**What needs to be done:** Type the records out again in full, exactly.

**Supplied material:**
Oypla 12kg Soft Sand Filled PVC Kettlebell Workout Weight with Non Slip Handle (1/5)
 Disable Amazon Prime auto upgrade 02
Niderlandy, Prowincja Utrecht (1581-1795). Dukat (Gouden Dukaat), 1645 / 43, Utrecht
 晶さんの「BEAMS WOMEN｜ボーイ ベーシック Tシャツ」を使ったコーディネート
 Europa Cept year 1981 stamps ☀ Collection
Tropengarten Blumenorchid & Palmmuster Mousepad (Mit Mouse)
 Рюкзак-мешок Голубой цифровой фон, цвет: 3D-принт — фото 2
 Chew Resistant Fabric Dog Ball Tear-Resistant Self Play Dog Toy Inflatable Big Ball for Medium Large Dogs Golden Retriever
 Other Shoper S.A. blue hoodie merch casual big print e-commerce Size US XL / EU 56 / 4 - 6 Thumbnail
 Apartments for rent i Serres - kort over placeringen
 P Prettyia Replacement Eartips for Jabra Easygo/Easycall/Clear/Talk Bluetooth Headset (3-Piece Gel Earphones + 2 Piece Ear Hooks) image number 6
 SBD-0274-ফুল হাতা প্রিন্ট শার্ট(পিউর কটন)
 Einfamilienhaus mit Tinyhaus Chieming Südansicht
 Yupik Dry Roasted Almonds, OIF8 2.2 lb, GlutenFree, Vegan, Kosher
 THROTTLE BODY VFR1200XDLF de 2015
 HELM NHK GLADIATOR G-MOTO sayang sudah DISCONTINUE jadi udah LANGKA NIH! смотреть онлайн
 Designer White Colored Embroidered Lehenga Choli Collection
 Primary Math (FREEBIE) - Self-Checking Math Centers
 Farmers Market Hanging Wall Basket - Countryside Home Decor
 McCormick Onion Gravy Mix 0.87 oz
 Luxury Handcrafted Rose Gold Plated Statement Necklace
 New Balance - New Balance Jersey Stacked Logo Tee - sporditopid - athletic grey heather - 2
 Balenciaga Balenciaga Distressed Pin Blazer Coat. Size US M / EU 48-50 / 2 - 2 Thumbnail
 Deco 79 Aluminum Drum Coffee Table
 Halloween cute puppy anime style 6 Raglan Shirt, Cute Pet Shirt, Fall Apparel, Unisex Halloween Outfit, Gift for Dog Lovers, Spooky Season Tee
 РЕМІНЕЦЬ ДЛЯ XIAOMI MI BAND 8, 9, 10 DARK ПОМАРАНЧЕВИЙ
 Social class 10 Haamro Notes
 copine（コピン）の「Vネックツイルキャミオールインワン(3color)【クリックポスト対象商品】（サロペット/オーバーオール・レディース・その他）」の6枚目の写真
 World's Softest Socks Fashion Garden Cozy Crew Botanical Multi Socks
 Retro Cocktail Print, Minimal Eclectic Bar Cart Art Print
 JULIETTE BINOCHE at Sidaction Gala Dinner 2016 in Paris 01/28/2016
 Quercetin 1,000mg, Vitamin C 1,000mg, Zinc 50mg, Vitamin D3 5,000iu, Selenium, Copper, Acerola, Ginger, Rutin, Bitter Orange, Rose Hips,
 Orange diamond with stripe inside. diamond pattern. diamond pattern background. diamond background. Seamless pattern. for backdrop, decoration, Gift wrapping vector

**Reply:**
Oypla 12kg Soft Sand Filled PVC Kettlebell Workout Weight with Non Slip Handle (1/5)
 Disable Amazon Prime auto upgrade 02
Niderlandy, Prowincja Utrecht (1581-1795). Dukat (Gouden Dukaat), 1645 / 43, Utrecht
 晶さんの「BEAMS WOMEN｜ボーイ ベーシック Tシャツ」を使ったコーディネート
 Europa Cept year 1981 stamps ☀ Collection
Tropengarten Blumenorchid & Palmmuster Mousepad (Mit Mouse)
 Рюкзак-мешок Голубой цифровой фон, цвет: 3D-принт — фото 2
 Chew Resistant Fabric Dog Ball Tear-Resistant Self Play Dog Toy Inflatable Big Ball for Medium Large Dogs Golden Retriever
 Other Shoper S.A. blue hoodie merch casual big print e-commerce Size US XL / EU 56 / 4 - 6 Thumbnail
 Apartments for rent i Serres - kort over placeringen
 P Prettyia Replacement Eartips for Jabra Easygo/Easycall/Clear/Talk Bluetooth Headset (3-Piece Gel Earphones + 2 Piece Ear Hooks) image number 6
 SBD-0274-ফুল হাতা প্রিন্ট শার্ট(পিউর কটন)
 Einfamilienhaus mit Tinyhaus Chieming Südansicht
 Yupik Dry Roasted Almonds, OIF8 2.2 lb, GlutenFree, Vegan, Kosher
 THROTTLE BODY VFR1200XDLF de 2015
 HELM NHK GLADIATOR G-MOTO sayang sudah DISCONTINUE jadi udah LANGKA NIH! смотреть онлайн
 Designer White Colored Embroidered Lehenga Choli Collection
 Primary Math (FREEBIE) - Self-Checking Math Centers
 Farmers Market Hanging Wall Basket - Countryside Home Decor
 McCormick Onion Gravy Mix 0.87 oz
 Luxury Handcrafted Rose Gold Plated Statement Necklace
 New Balance - New Balance Jersey Stacked Logo Tee - sporditopid - athletic grey heather - 2
 Balenciaga Balenciaga Distressed Pin Blazer Coat. Size US M / EU 48-50 / 2 - 2 Thumbnail
 Deco 79 Aluminum Drum Coffee Table
 Halloween cute puppy anime style 6 Raglan Shirt, Cute Pet Shirt, Fall Apparel, Unisex Halloween Outfit, Gift for Dog Lovers, Spooky Season Tee
 РЕМІНЕЦЬ ДЛЯ XIAOMI MI BAND 8, 9, 10 DARK ПОМАРАНЧЕВИЙ
 Social class 10 Haamro Notes
 copine（コピン）の「Vネックツイルキャミオールインワン(3color)【クリックポスト対象商品】（サロペット/オーバーオール・レディース・その他）」の6枚目の写真
 World's Softest Socks Fashion Garden Cozy Crew Botanical Multi Socks
 Retro Cocktail Print, Minimal Eclectic Bar Cart Art Print
 JULIETTE BINOCHE at Sidaction Gala Dinner 2016 in Paris 01/28/2016
 Quercetin 1,000mg, Vitamin C 1,000mg, Zinc 50mg, Vitamin D3 5,000iu, Selenium, Copper, Acerola, Ginger, Rutin, Bitter Orange, Rose Hips,
 Orange diamond with stripe inside. diamond pattern. diamond pattern background. diamond background. Seamless pattern. for backdrop, decoration, Gift wrapping vector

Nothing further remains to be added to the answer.